Integrating Cloud Data into Existing SQL Workflows with Cloud2SQL

January 16, 2023 · 6 min read

Some Engineer

One of the key features of Resoto is its ability to collect data from a wide range of cloud providers, including Amazon Web Services (AWS), DigitalOcean, and Google Cloud. This makes it easy to get a comprehensive view of your cloud infrastructure, no matter where it is deployed.

But, what sets Resoto apart from other cloud data collection tools is its ability to enrich the data it collects and make additional connections. This means that Resoto not only gathers raw data about your cloud resources, but also adds additional context and information that can help you better understand your cloud environment.

For example, when collecting data about Elastic Block Store (EBS) volumes in AWS, Resoto uses Amazon CloudWatch time series data to find out when a volume had its last read and write I/O. This information is then used to enrich the raw volume data with last_access and last_update timestamp properties, which makes it easy to answer when a particular EBS volume was last used, not just that it is not in use right now.
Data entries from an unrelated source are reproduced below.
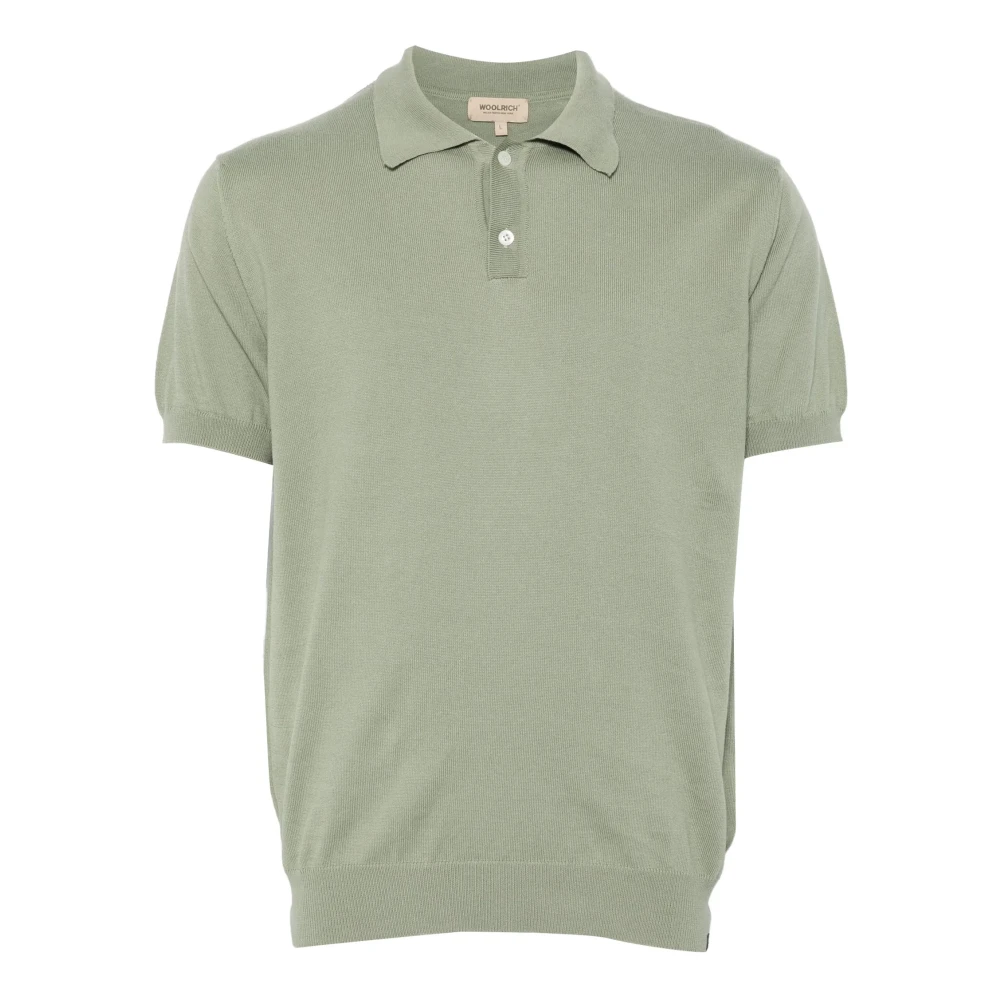 Woolrich Green Knitted Polo - Male - Polo Shirts - S - Tops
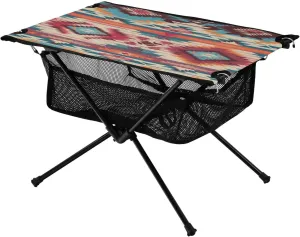 Colorful Ethnic Texture Portable Folding Camping Table, Compact Lightweight Beach Table with Carrying Bag for Outdoor Picnics, BBQs, Camp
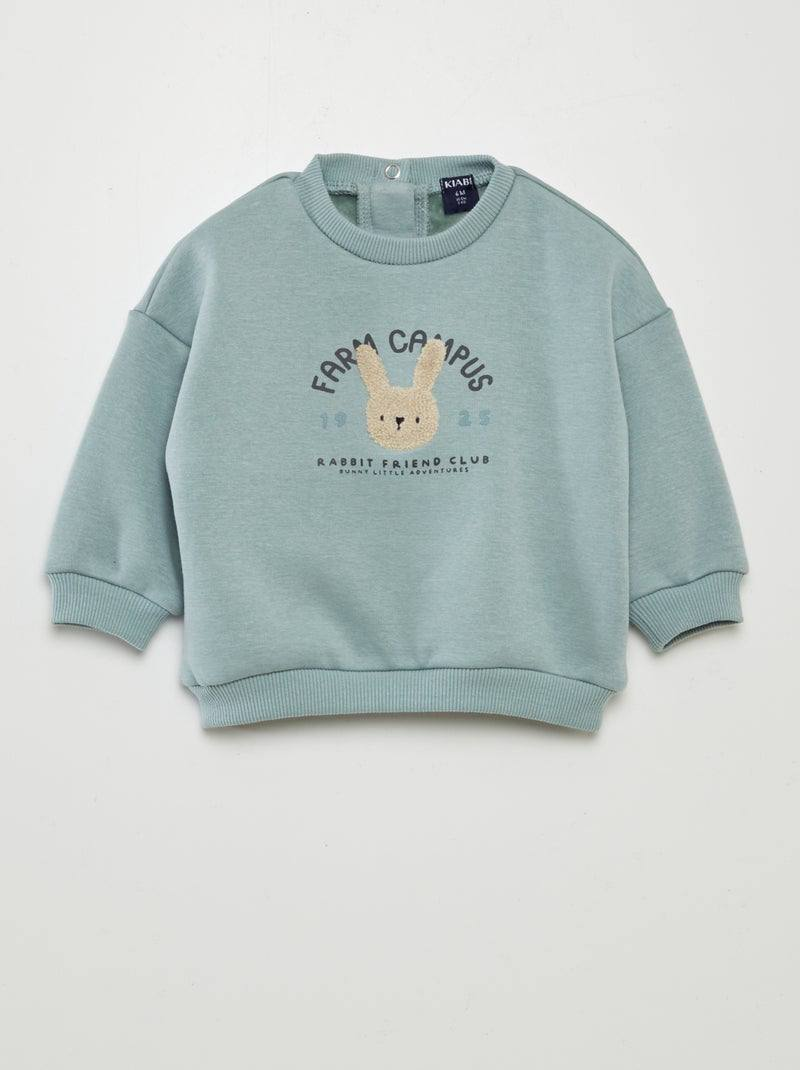 IMAGE 2026-02-17 11:57:55 Sweat bébé garçon vert Kiabi motif lapin - Image 1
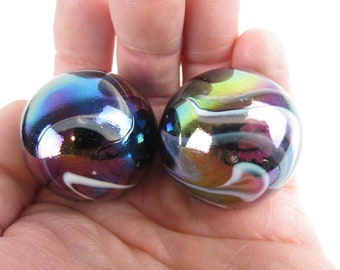 2 Boulders35mm MILKY WAY Marbles glass ball oil slick large huge Swirl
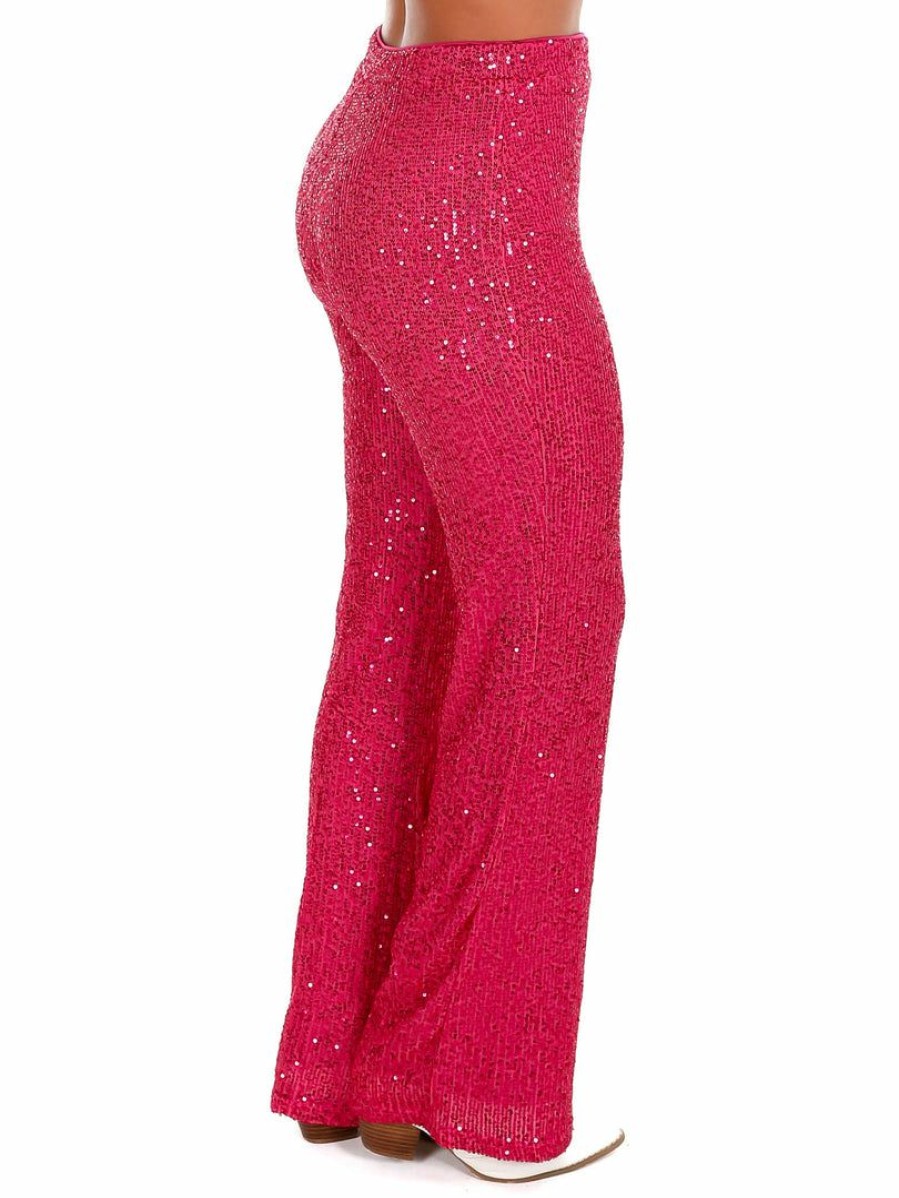 Clothing * | Cheapest Main Strip Rhinestone Cowboy Sequin Pants Fuchsia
Resoto also makes additional connections—for instance, between your K8S clusters and the underlying cloud provider systems. As a result, you can easily see how your Kubernetes pods are related to the virtual machines that they are running on, and how those virtual machines are related to the storage volumes that they are using. This provides valuable insights into the structure and organization of your cloud environment, and helps you make better decisions about how to manage and optimize it.

The data collected by Resoto is complex and deeply nested, with many levels of dependencies between different cloud resources. To manage this complexity, Resoto uses a graph data model where each cloud resource is represented by a node in the graph with edges connecting dependent nodes.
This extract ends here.